Aim of the exercise:
Begin at the line that holds "Pass the Baton - Re-vived" and copy each line exactly until the data below ends, including that last line but no pictures.

Records supplied START

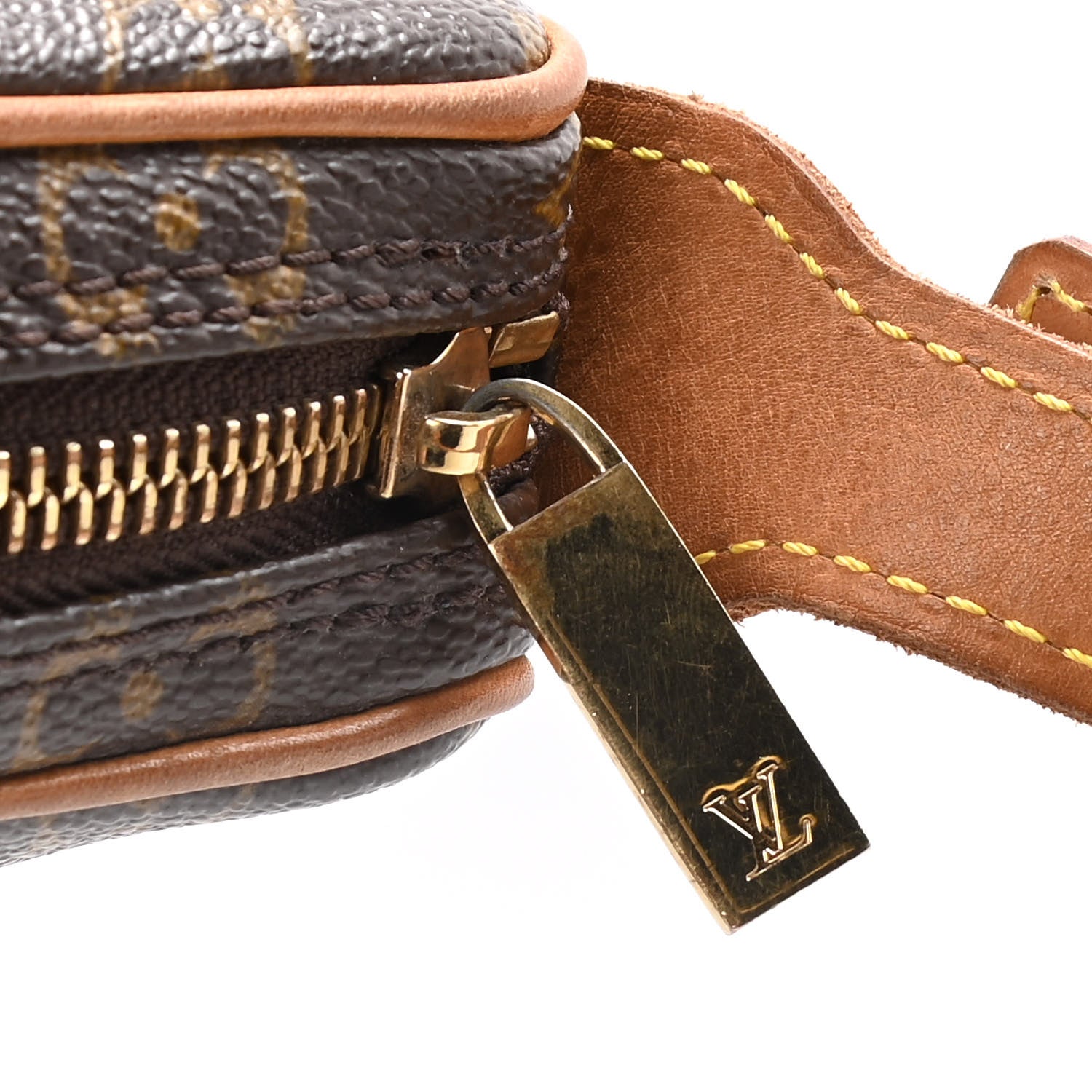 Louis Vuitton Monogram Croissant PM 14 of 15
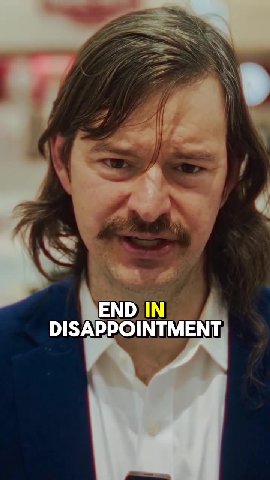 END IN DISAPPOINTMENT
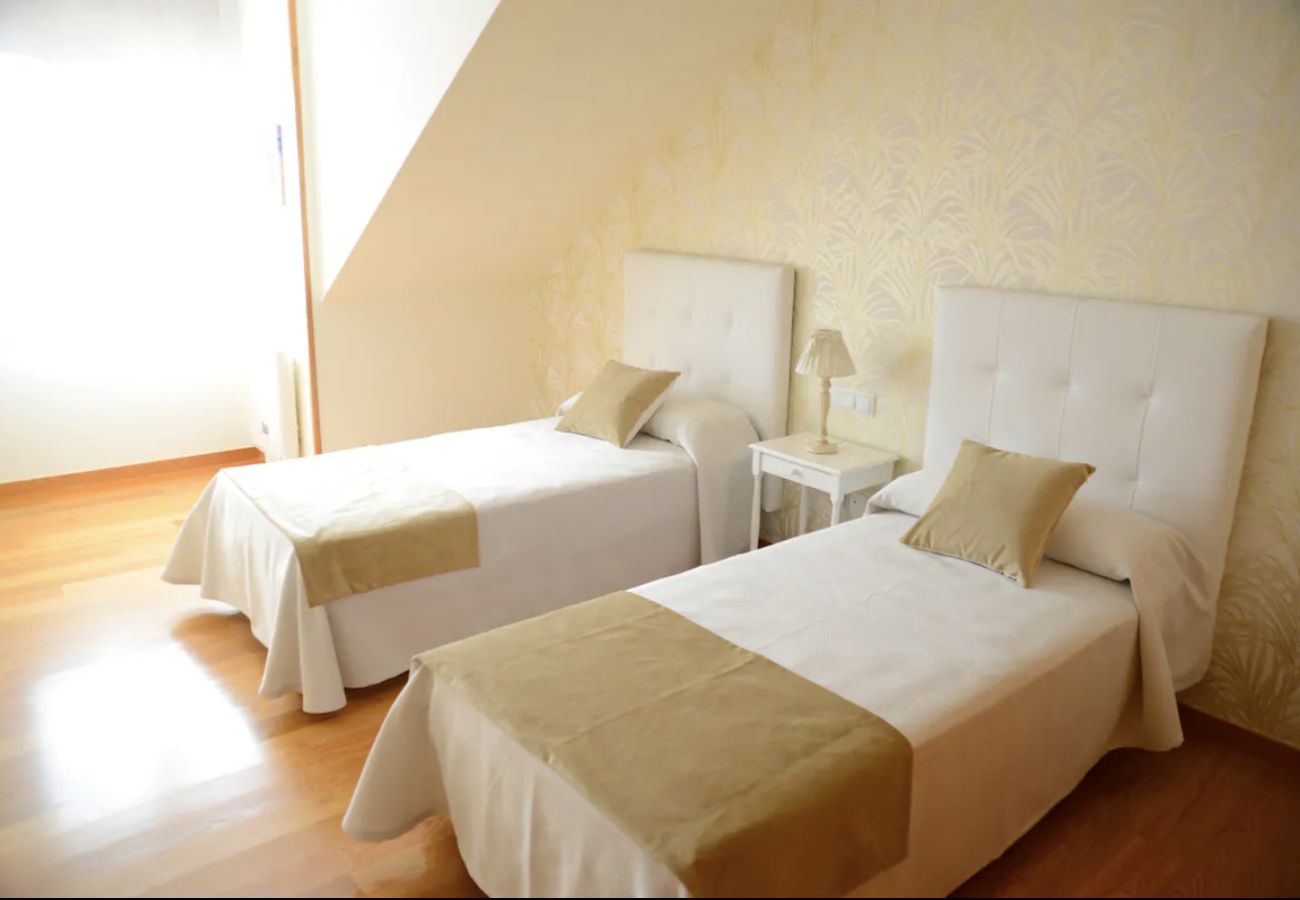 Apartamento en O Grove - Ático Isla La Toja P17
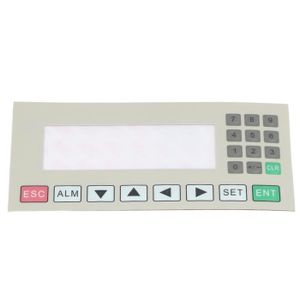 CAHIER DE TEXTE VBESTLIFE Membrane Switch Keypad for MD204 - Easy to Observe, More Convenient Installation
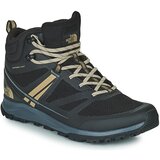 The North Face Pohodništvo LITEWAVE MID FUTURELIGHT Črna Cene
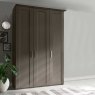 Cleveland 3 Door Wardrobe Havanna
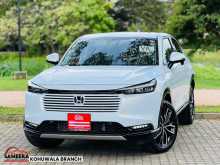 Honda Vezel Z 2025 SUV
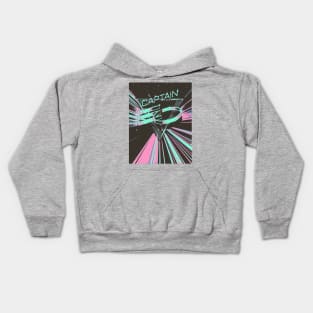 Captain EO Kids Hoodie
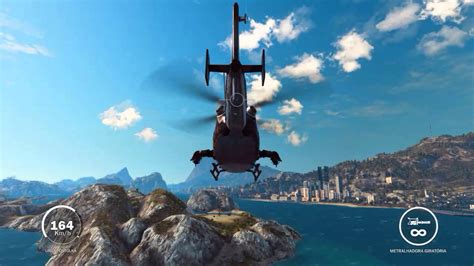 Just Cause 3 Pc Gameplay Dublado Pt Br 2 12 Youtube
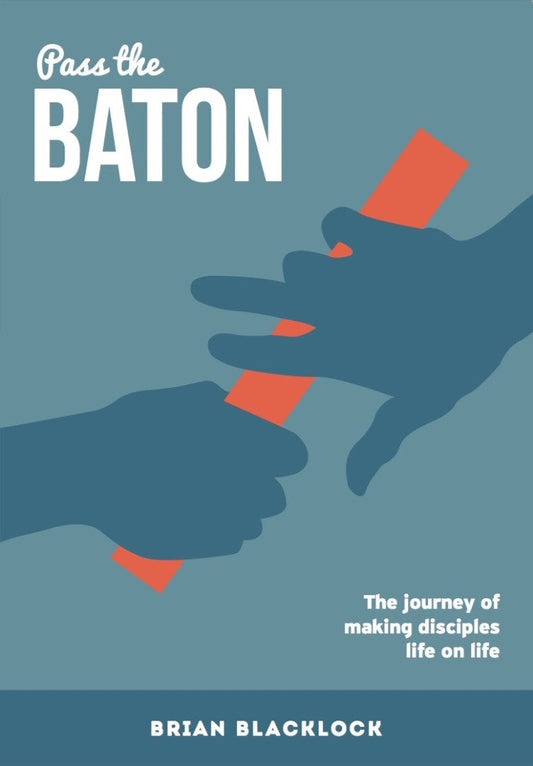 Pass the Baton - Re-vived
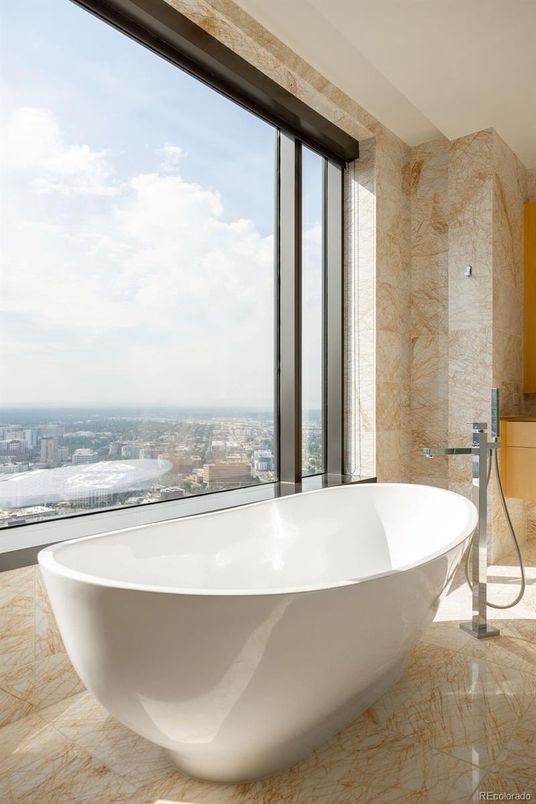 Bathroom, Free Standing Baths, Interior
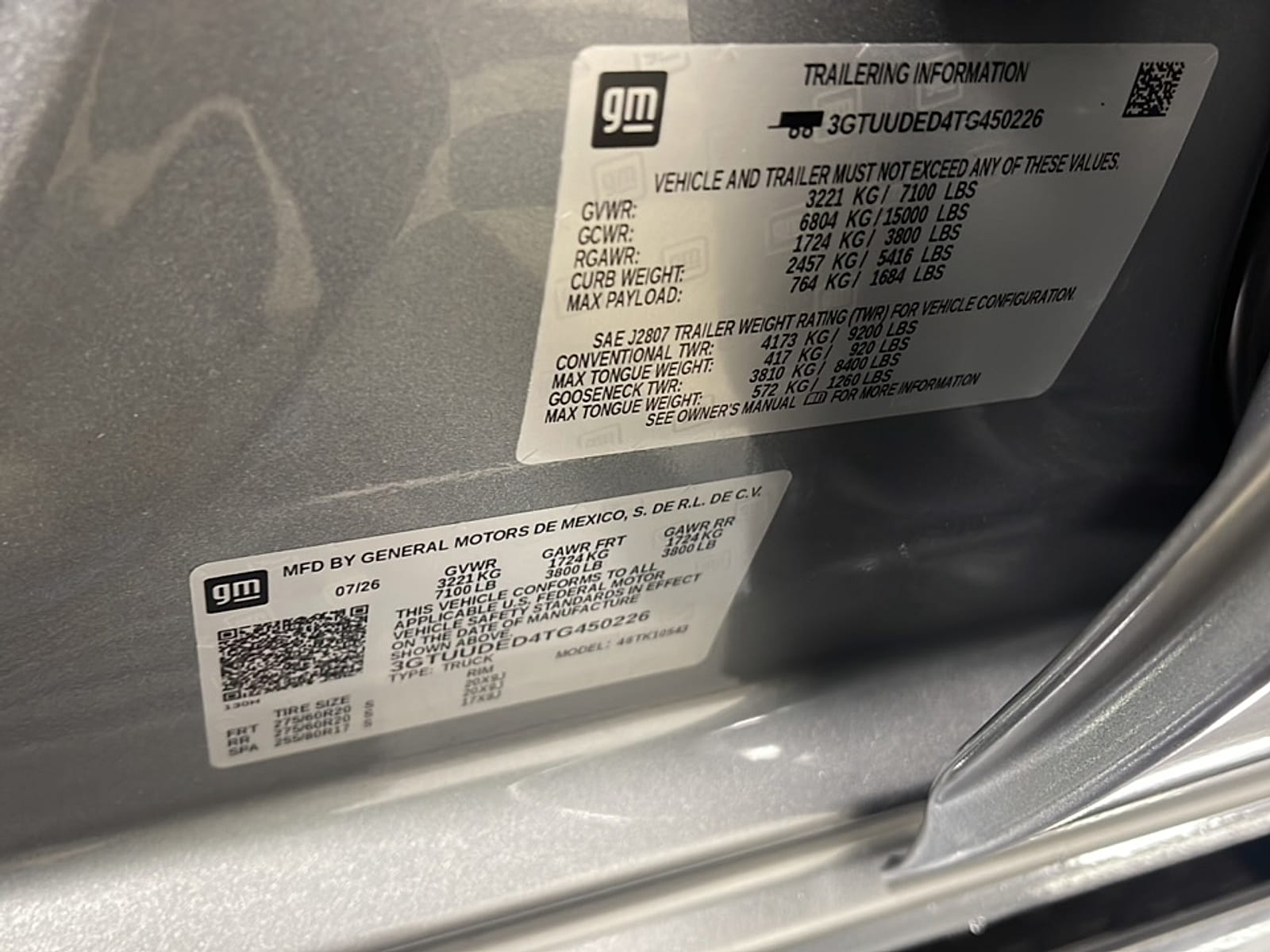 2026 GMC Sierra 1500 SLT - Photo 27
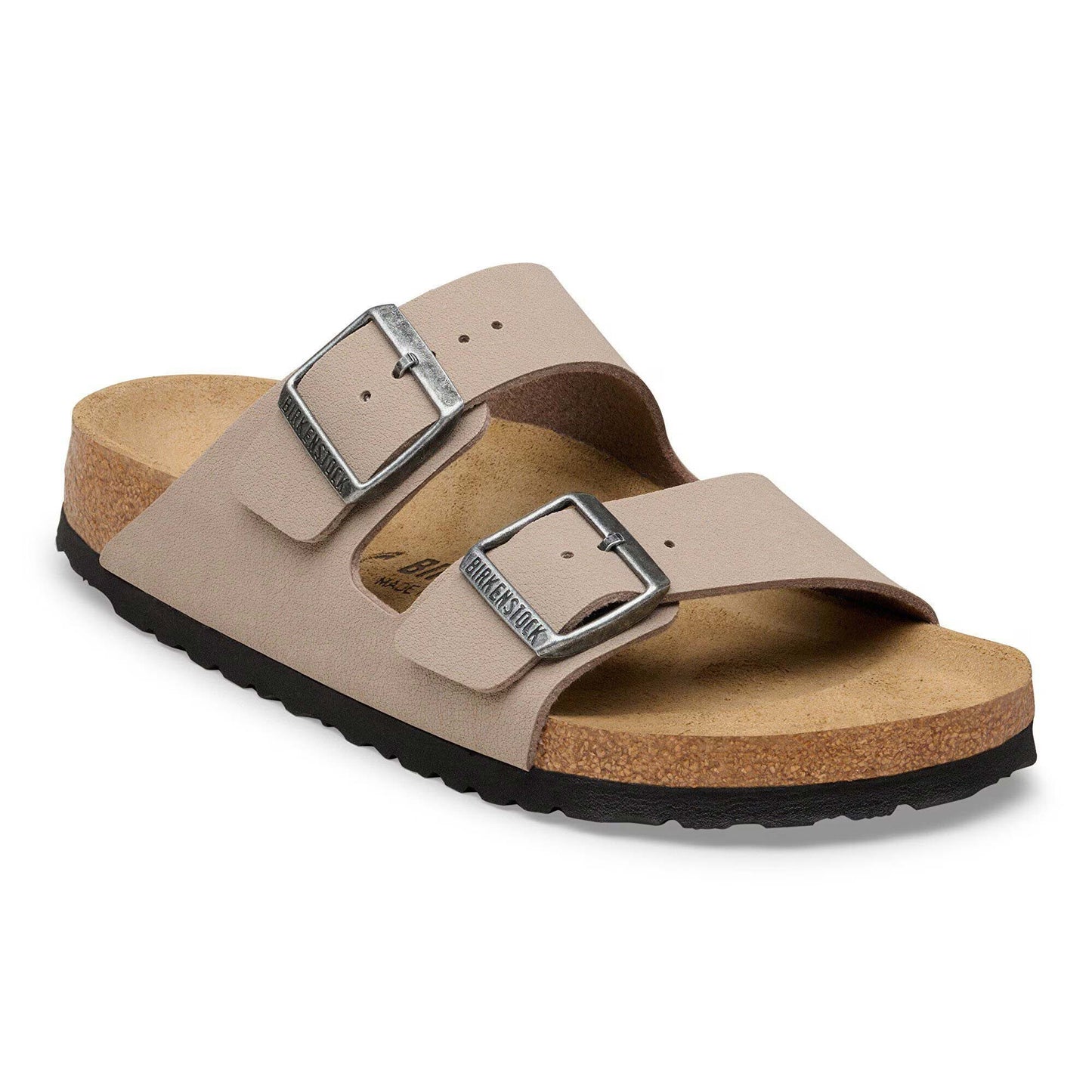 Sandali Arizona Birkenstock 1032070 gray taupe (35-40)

Records supplied END

Result:
 Pass the Baton - Re-vived
 Bathroom, Free Standing Baths, Interior
 2026 GMC Sierra 1500 SLT - Photo 27
 Sandali Arizona Birkenstock 1032070 gray taupe (35-40)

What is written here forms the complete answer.